MERKE | Die „Nähe“ der Betriebsstätte, in der der Arzt seine Tätigkeit hauptsächlich ausübt, zum Belegkrankenhaus, richtet sich nach Auffassung des BSG allein danach, ob die unverzügliche und ordnungsgemäße Versorgung der vom Belegarzt ambulant und stationär zu betreuenden Versicherten gewährleistet ist. Maßgeblich sei insoweit die räumliche und vor allem die zeitliche Distanz.

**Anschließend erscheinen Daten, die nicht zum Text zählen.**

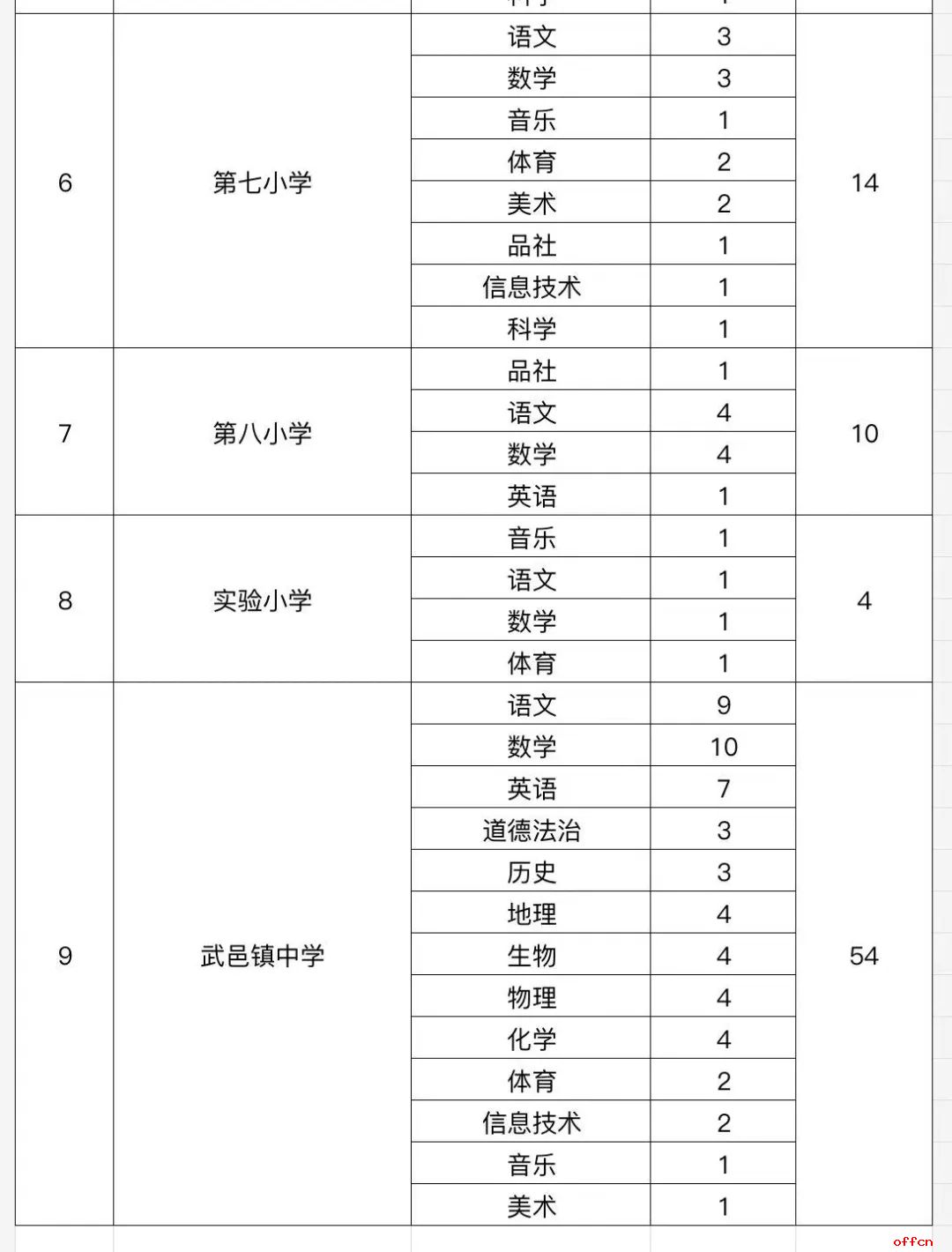 2024年河北衡水武邑县教育局县城学校选调教师110人公告-2.jpg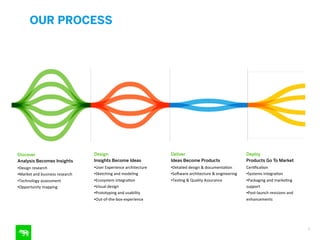 OUR PROCESS

Discover
Analysis Becomes Insights

Design
Insights Become Ideas

Deliver
Ideas Become Products

Deploy
Products Go To Market

•Design	
  research
•Market	
  and	
  business	
  research
•Technology	
  assessment
•Opportunity	
  mapping

•User	
  Experience	
  architecture
•Sketching	
  and	
  modeling
•Ecosystem	
  integra=on
•Visual	
  design
•Prototyping	
  and	
  usability

•Detailed	
  design	
  &	
  documenta=on
•SoCware	
  architecture	
  &	
  engineering
•Tes=ng	
  &	
  Quality	
  Assurance

Cer=ﬁca=on
•Systems	
  integra=on
•Packaging	
  and	
  marke=ng	
  
support
•Post-­‐launch	
  revisions	
  and	
  
enhancements

•Out-­‐of-­‐the-­‐box-­‐experience

5

 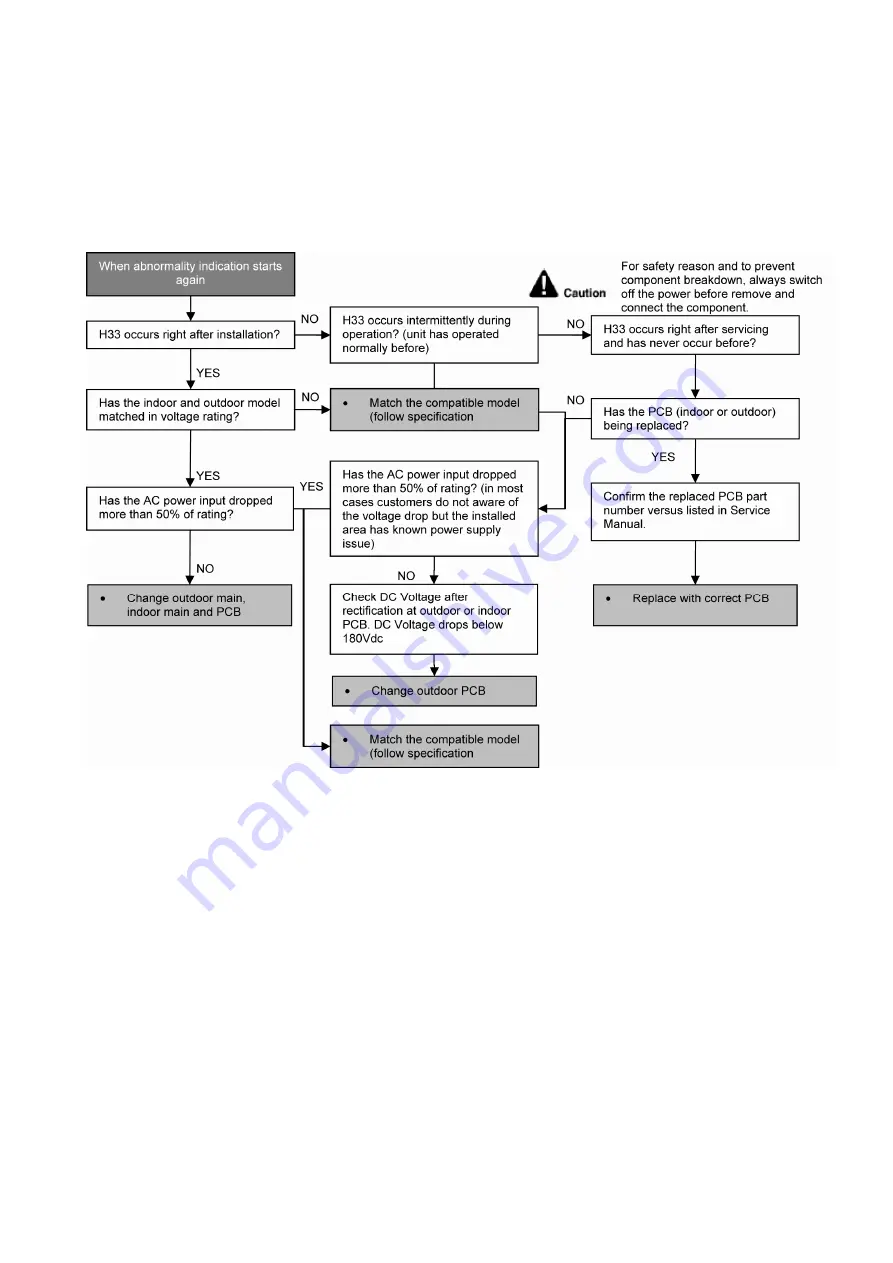 Panasonic CS-PS12NKH Service Manual Download Page 73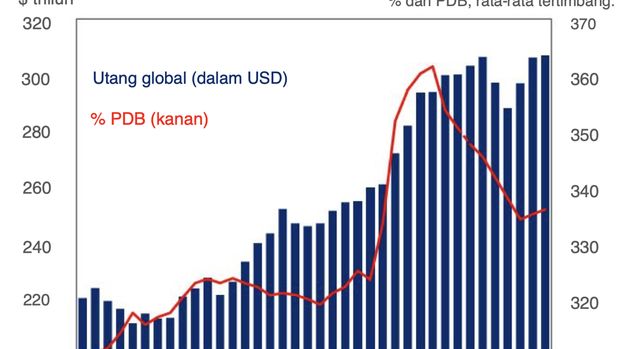 Rasio utang global terhadap PDB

Es sei nicht zwingend erforderlich, dass beide Standorte zum gleichen Planungsbereich gehörten. |
Auch der Umstand, dass der Kläger mit anderen Belegärzten des Krankenhauses und der eigenen üBAG im Rahmen eines kooperativen Belegarztmodells zusammenarbeiten wolle, rechtfertige keine andere Beurteilung. Das kooperative Belegarztwesen ermögliche zwar die gemeinsame Tätigkeit mehrerer Belegärzte und eine kontinuierliche individuelle Krankenversorgung. Bei der Abdeckung der Bereitschaftsdienste und Rufbereitschaften könne zudem eine bessere Zusammenarbeit sichergestellt werden. Dies ändere jedoch nichts daran, dass die Voraussetzungen der Anerkennung als Belegarzt stets personenbezogen zu prüfen seien.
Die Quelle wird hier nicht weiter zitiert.